# Scalable AI Recommendation System for Large Datasets
Portfolio-ready notebook for movies, online courses, and products. Follows IU portfolio structure (Konzeptions-, Erarbeitungs-/Reflexions-, Finalisierungsphase) and includes Streamlit demo guidance.

## Notebook Navigation
- Work top to bottom; finish and submit Phase 1 before starting Phase 2; finish and submit Phase 2 before Phase 3.
- Keep page limits: Phase 1 concept <= 0.5 page; Phase 2 implementation note <= 0.5 page; Phase 3 abstract = 2 pages.
- Upload each Portfolioteil in PebblePad; during Phase 3 re-upload the updated Phase 1 and Phase 2 parts; confirm in Atlas.
- Feedback after Phase 1 and Phase 2 may take up to 7 days; final feedback/grade after Phase 3 within 6 weeks.
- Submit the Eidesstattliche Erklaerung electronically via myCampus; follow IU citation and literature rules.

## Submission Rules (condensed from IU portfolio guides)
- Three phases in the given order. Skipping order invalidates the attempt.
- Portfolioteil 1 (Konzept): short text (<=0.5 page) plus early sketches or wireframes.
- Portfolioteil 2 (Erarbeitung/Reflexion): short text (<=0.5 page) plus digital draft (prototype screenshot or partial app).
- Portfolioteil 3 (Finalisierung): 2-page abstract PDF + final product + re-uploads of Portfolioteil 1 and 2 (updated) + optional zip with resources.
- The portfolio documents the full learning path: goals, method, execution, reflection, and final artefact.
- Submission channel: PebblePad; verification and final feedback in Atlas.
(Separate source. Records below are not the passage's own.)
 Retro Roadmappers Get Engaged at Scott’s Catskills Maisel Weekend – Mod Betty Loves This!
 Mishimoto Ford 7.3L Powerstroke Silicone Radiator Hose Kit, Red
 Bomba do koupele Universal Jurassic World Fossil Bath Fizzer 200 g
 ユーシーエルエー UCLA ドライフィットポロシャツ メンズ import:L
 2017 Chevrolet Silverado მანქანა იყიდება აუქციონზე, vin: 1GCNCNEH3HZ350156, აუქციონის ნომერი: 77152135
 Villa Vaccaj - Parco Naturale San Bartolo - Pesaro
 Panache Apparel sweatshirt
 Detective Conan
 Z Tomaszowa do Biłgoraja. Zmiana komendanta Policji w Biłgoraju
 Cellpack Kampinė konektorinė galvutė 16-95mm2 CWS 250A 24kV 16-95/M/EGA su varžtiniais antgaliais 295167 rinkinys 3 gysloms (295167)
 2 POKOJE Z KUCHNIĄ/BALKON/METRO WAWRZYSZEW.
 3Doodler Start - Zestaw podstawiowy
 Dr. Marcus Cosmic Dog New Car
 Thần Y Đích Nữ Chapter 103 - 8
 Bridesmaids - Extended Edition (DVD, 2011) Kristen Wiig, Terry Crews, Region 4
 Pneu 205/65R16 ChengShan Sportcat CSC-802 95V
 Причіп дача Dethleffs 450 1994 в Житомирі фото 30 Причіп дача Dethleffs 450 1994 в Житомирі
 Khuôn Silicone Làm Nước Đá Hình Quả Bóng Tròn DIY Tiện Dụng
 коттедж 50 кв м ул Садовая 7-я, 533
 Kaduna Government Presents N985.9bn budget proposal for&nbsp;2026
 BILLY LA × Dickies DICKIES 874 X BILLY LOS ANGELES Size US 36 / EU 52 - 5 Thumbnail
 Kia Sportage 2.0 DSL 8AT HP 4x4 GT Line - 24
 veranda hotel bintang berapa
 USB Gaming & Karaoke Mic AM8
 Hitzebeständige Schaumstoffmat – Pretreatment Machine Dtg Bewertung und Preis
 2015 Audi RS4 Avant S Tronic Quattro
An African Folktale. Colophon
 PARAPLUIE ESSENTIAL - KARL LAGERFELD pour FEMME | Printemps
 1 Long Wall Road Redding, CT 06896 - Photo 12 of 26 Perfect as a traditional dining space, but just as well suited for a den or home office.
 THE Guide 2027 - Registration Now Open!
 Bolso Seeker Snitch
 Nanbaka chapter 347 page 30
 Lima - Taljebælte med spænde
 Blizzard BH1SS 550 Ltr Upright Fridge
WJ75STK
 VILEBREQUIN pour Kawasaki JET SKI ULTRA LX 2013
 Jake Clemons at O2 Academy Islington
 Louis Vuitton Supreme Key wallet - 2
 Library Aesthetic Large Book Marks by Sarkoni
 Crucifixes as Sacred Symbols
## Suggested 4-week Timeline
| Day | Milestone |
| --- | --- |
| 1 | Kick-off, define goals, secure data access, outline evaluation. |
| 7 | Submit Phase 1 concept + sketches to PebblePad. |
| 14 | Receive/implement feedback; continue builds. |
| 21 | Submit Phase 2 implementation note + digital draft. |
| 28 | Finalize models/UI; upload Phase 3 with abstract + final product + updated Phase 1 and 2. |

## Phase 1 – Konzeptionsphase (Portfolioteil 1)
### Problem and goal (answer concisely)
- What user problem are we solving? (movie/course/product discovery, cold start, relevance)
- What is the measurable goal? (e.g., +X% NDCG@10, sub-300 ms latency)
- Which users and item domains are in scope?

### Data sources
- Pick one or more large interaction datasets (MovieLens 25M, Amazon Reviews, course click logs).
- Note size, sparsity, license, and sampling choices.
- Plan item metadata for content features: genres, tags, embeddings from text or images.

### Method and tools
- Collaborative filtering: implicit ALS or BPR; sparse matrix factorization; fast item-item cosine.
- Content-based: TF-IDF or embedding similarity; ANN index (faiss/hnswlib/annoy).
- Hybrid: weighted blend or model stacking; backfill with popularity for cold start.
- Dimensionality reduction: SVD/SVD++ to compress signals.
- Stack suggestion: Python, Polars/Pandas, Scipy sparse, Faiss/HNSWLib, Streamlit, Docker (optional).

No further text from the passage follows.